[THE TASK]: How many lines in the data below have the string "Package"? Reply with the number alone.

[SOURCE DATA]:
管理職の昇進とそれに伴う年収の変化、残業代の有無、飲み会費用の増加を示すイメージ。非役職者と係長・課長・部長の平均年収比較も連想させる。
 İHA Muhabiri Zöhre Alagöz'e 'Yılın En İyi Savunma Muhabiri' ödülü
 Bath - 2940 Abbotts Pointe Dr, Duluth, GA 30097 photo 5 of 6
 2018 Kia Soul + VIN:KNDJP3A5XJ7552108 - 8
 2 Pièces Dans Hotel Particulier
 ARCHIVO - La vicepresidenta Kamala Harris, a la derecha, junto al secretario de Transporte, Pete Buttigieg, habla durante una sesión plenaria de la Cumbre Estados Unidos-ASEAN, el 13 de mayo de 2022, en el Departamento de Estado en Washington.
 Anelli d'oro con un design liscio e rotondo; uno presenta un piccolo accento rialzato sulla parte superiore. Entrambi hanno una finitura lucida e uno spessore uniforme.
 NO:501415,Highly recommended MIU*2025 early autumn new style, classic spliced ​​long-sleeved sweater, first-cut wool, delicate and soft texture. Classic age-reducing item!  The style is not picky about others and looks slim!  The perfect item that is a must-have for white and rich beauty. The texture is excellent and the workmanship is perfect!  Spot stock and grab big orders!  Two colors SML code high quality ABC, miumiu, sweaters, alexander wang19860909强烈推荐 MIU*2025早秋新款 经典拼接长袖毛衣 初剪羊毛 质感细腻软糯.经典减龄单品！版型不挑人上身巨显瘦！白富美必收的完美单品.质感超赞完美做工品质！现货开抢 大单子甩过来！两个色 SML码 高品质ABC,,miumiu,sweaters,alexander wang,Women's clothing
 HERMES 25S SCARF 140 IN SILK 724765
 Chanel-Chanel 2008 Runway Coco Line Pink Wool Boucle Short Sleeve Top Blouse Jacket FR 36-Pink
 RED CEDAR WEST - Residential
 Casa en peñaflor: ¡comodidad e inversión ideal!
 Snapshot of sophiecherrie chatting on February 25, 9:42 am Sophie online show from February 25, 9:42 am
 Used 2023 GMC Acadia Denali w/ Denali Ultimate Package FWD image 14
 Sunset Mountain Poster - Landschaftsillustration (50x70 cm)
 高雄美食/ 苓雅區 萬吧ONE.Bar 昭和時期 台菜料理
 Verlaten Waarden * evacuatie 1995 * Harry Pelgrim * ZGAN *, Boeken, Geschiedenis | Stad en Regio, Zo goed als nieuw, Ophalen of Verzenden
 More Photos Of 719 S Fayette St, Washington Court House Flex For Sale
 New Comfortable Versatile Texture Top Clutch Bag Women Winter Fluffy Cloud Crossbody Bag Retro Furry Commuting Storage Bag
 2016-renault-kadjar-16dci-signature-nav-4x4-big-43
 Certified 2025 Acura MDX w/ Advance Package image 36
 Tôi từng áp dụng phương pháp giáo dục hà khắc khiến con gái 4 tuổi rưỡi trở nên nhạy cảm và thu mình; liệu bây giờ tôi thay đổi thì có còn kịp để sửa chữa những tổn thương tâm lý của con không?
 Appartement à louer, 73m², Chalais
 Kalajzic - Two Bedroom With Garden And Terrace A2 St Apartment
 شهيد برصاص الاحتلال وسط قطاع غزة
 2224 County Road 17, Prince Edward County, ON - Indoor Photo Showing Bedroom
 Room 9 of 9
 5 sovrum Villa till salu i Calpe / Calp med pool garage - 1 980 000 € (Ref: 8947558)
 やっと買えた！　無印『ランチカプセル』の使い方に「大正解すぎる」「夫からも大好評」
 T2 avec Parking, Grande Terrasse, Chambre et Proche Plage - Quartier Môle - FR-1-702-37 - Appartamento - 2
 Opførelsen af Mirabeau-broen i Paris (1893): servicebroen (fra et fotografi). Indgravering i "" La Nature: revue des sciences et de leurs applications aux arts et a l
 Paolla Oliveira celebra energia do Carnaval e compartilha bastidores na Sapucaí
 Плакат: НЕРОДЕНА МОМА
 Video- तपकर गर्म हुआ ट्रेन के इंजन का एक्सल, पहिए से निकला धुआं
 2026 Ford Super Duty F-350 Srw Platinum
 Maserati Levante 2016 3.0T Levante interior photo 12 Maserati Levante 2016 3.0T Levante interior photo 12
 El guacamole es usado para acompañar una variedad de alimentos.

[WRITTEN RESPONSE]: 2